-------- Supplied material

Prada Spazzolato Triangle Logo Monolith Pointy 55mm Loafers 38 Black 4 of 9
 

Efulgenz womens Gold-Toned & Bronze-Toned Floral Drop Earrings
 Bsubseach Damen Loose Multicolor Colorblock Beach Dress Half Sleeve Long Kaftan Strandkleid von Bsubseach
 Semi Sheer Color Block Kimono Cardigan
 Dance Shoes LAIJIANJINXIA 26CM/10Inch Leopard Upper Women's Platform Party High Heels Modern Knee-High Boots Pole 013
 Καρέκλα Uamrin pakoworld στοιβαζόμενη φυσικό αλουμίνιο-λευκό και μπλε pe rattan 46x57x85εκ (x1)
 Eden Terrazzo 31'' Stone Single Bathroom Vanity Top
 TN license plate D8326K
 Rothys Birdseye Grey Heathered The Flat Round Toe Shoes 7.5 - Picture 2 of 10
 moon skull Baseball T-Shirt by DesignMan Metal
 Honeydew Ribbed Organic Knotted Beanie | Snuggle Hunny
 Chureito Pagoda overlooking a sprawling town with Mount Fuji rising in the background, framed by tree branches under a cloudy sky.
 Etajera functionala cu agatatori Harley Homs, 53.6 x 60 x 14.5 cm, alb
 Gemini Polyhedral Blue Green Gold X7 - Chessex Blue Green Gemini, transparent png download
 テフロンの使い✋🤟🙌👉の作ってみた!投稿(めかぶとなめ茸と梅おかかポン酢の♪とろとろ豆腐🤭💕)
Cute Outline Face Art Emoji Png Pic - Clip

----------------

**Instructions to follow**
The lines above should be printed again, exactly as they are.

**Result for this task**
Prada Spazzolato Triangle Logo Monolith Pointy 55mm Loafers 38 Black 4 of 9
 

Efulgenz womens Gold-Toned & Bronze-Toned Floral Drop Earrings
 Bsubseach Damen Loose Multicolor Colorblock Beach Dress Half Sleeve Long Kaftan Strandkleid von Bsubseach
 Semi Sheer Color Block Kimono Cardigan
 Dance Shoes LAIJIANJINXIA 26CM/10Inch Leopard Upper Women's Platform Party High Heels Modern Knee-High Boots Pole 013
 Καρέκλα Uamrin pakoworld στοιβαζόμενη φυσικό αλουμίνιο-λευκό και μπλε pe rattan 46x57x85εκ (x1)
 Eden Terrazzo 31'' Stone Single Bathroom Vanity Top
 TN license plate D8326K
 Rothys Birdseye Grey Heathered The Flat Round Toe Shoes 7.5 - Picture 2 of 10
 moon skull Baseball T-Shirt by DesignMan Metal
 Honeydew Ribbed Organic Knotted Beanie | Snuggle Hunny
 Chureito Pagoda overlooking a sprawling town with Mount Fuji rising in the background, framed by tree branches under a cloudy sky.
 Etajera functionala cu agatatori Harley Homs, 53.6 x 60 x 14.5 cm, alb
 Gemini Polyhedral Blue Green Gold X7 - Chessex Blue Green Gemini, transparent png download
 テフロンの使い✋🤟🙌👉の作ってみた!投稿(めかぶとなめ茸と梅おかかポン酢の♪とろとろ豆腐🤭💕)
Cute Outline Face Art Emoji Png Pic - Clip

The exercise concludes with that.